Exercise »
Beginning with the line containing "Einhell 49708750 /" and ending at the last line of the records, transcribe each line exactly. Do not include pictures.

Record excerpts »
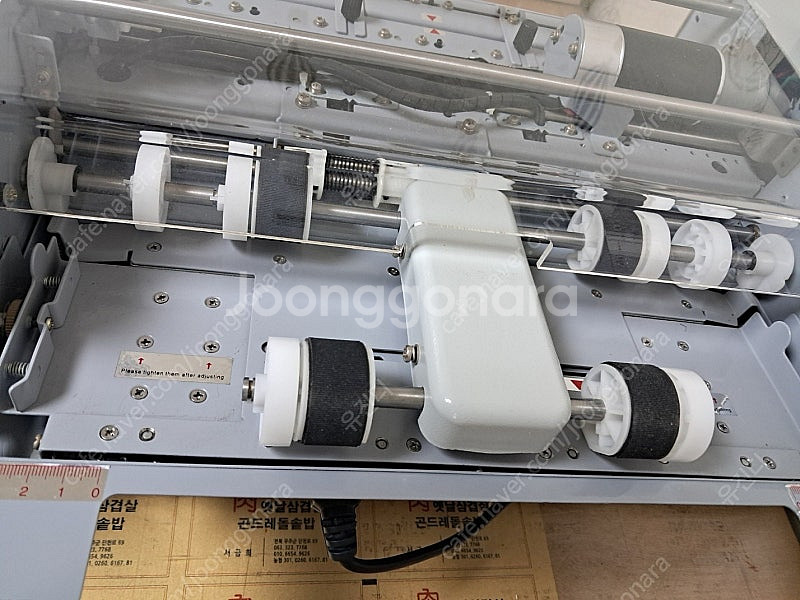 [명함재단기] 사용감 거의 없는 명함재단기 bestcut a3w 팝니다.--3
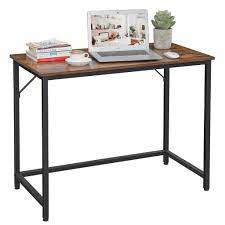 Schreibtisch ted weiss 2 schubladen 120cm schminktisch stock photo. Vasagle Schreibtisch 100 X 50 X 75 Cm Kaufland De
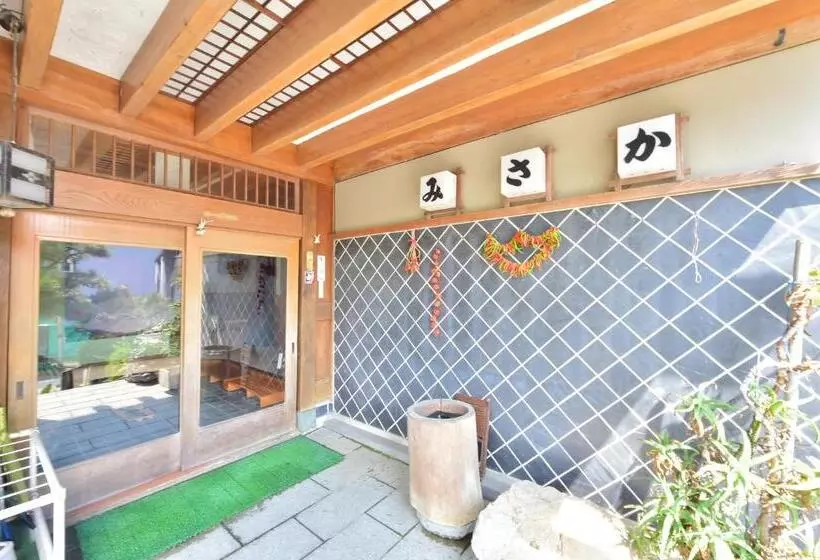Ryokan 万葉茶寮みさか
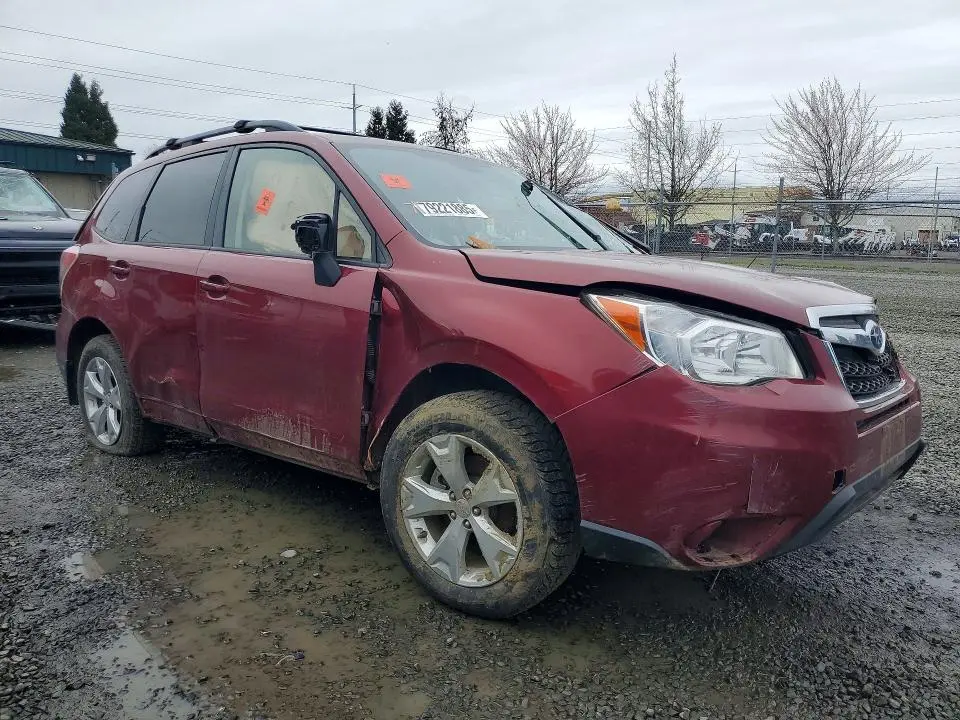 2015 SUBARU FORESTER 2.5I PREMIUM  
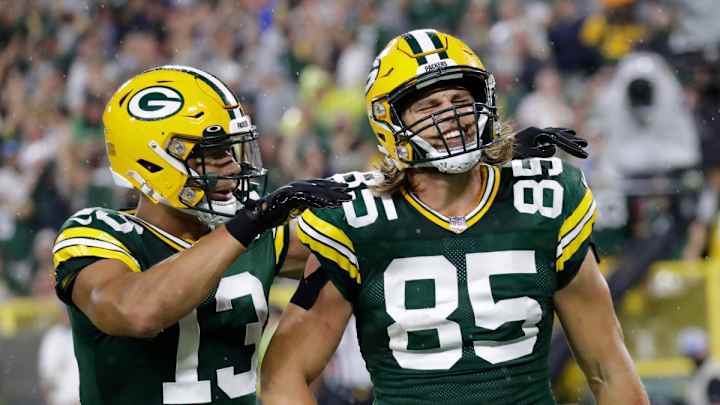 Packers’ 2023 Offseason Depth Charts Without Free Agents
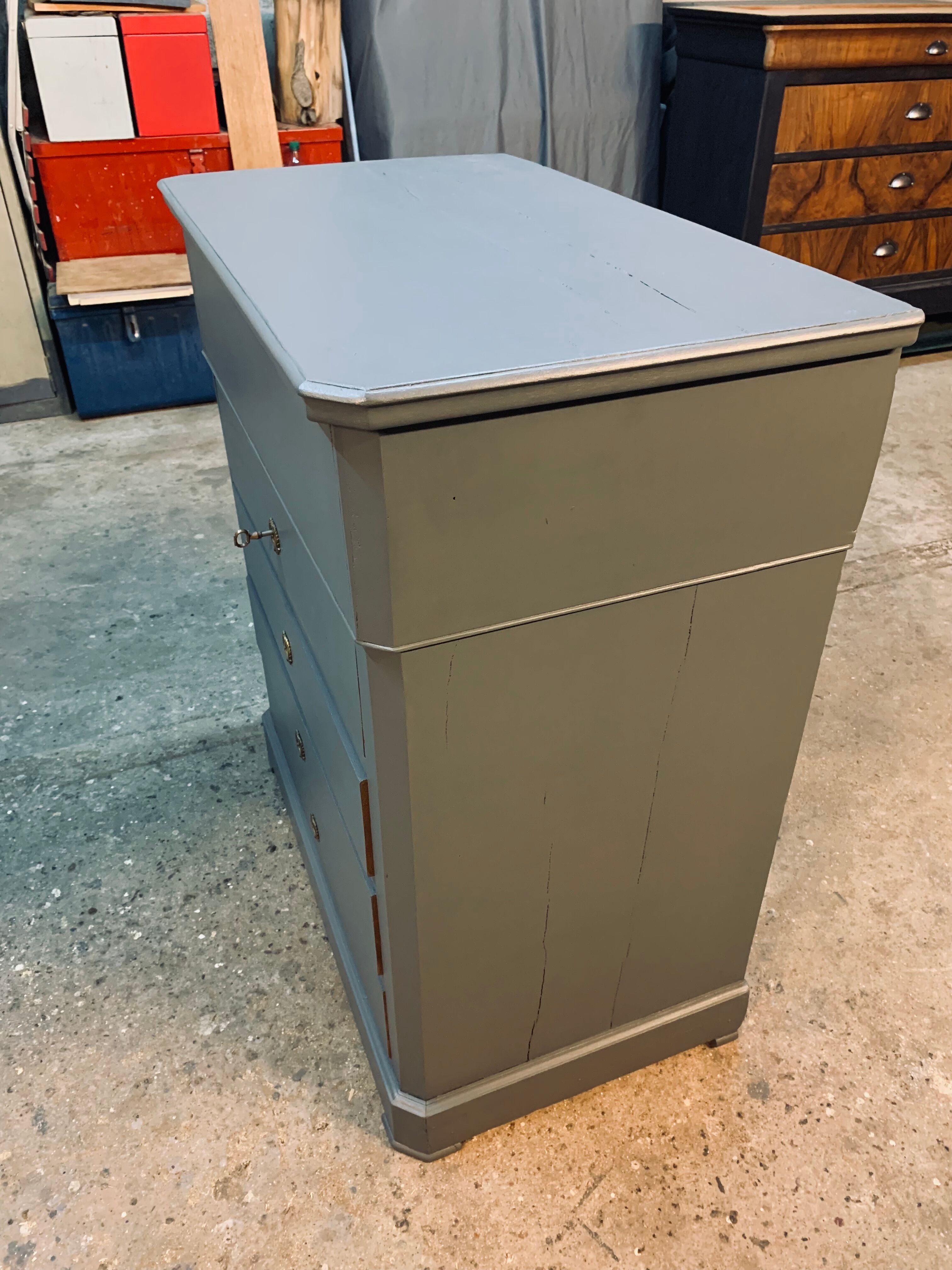 Commode en chêne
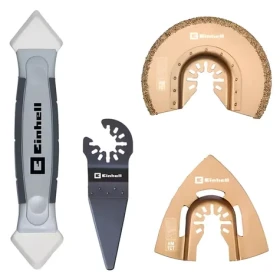 Einhell 49708750 / Příslušenství pro multifunkční nářadí (4 ks) / obklady a dlažba / Starlock (49708750)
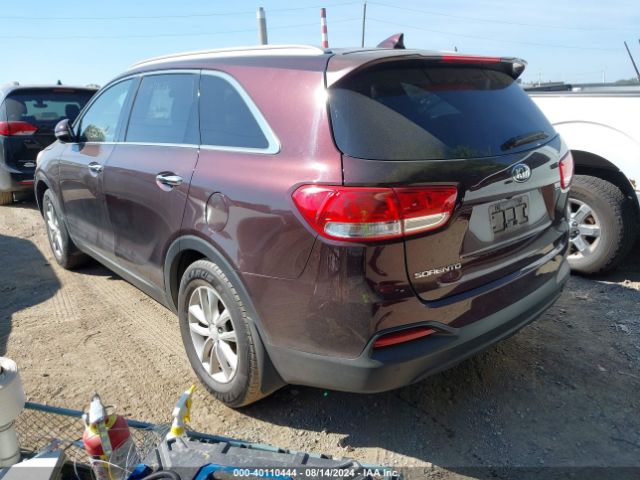 5XYPG4A59GG081628 KIA Sorento 3.3l Lx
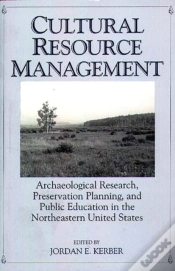 Capa do artigo Cultural Resource Management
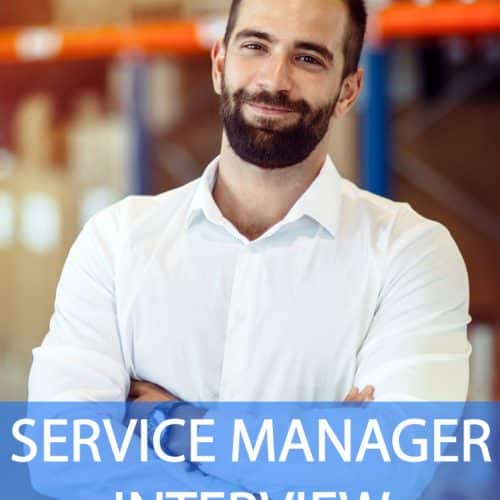 Service Manager Interview Questions and Answers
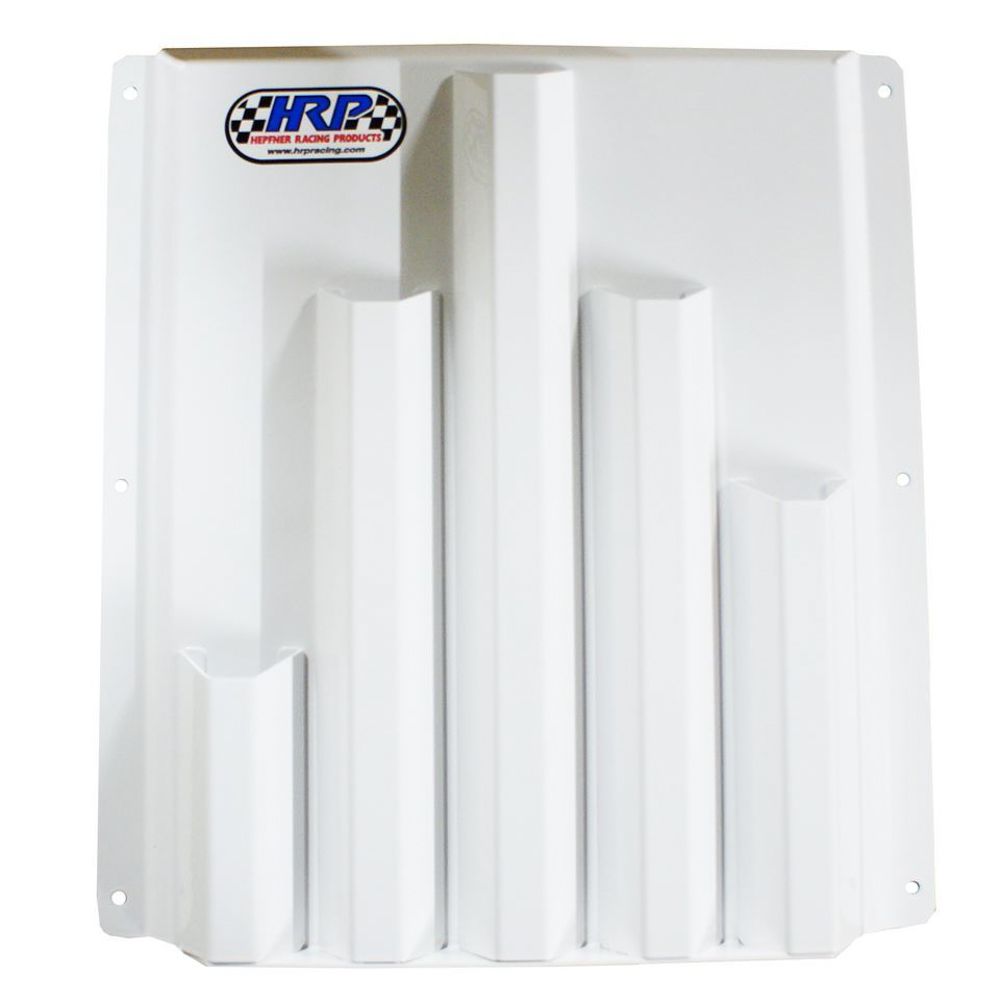 HEPFNER RACING PRODUCTSTie Wrap Holder 5 Spot White
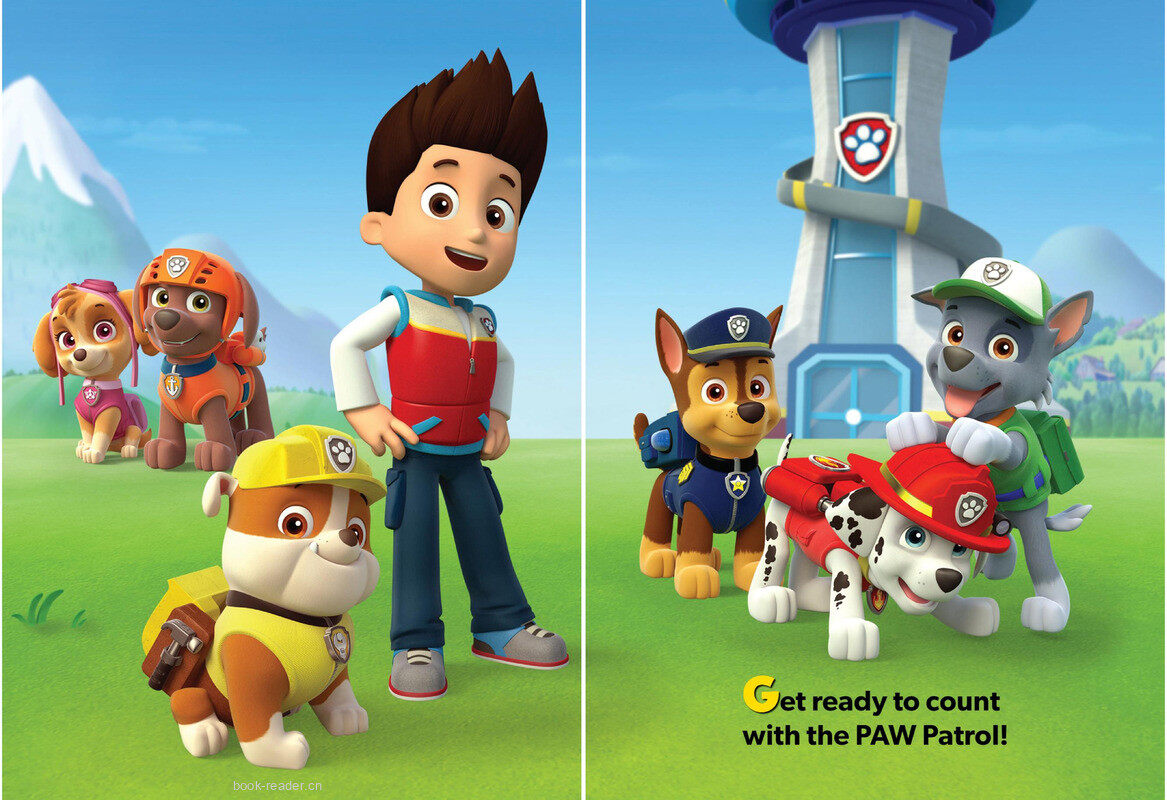 Team Numbers绘本故事第3页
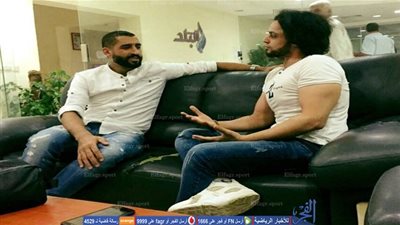 حوار- عامر عامر: ابتعدت عن المنتخب لعدم وجودي فى القطبين .. وهذه حقيقة مفاوضات الزمالك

Exercise result »
 Einhell 49708750 / Příslušenství pro multifunkční nářadí (4 ks) / obklady a dlažba / Starlock (49708750)
 5XYPG4A59GG081628 KIA Sorento 3.3l Lx
 Capa do artigo Cultural Resource Management
 Service Manager Interview Questions and Answers
 HEPFNER RACING PRODUCTSTie Wrap Holder 5 Spot White
 Team Numbers绘本故事第3页
 حوار- عامر عامر: ابتعدت عن المنتخب لعدم وجودي فى القطبين .. وهذه حقيقة مفاوضات الزمالك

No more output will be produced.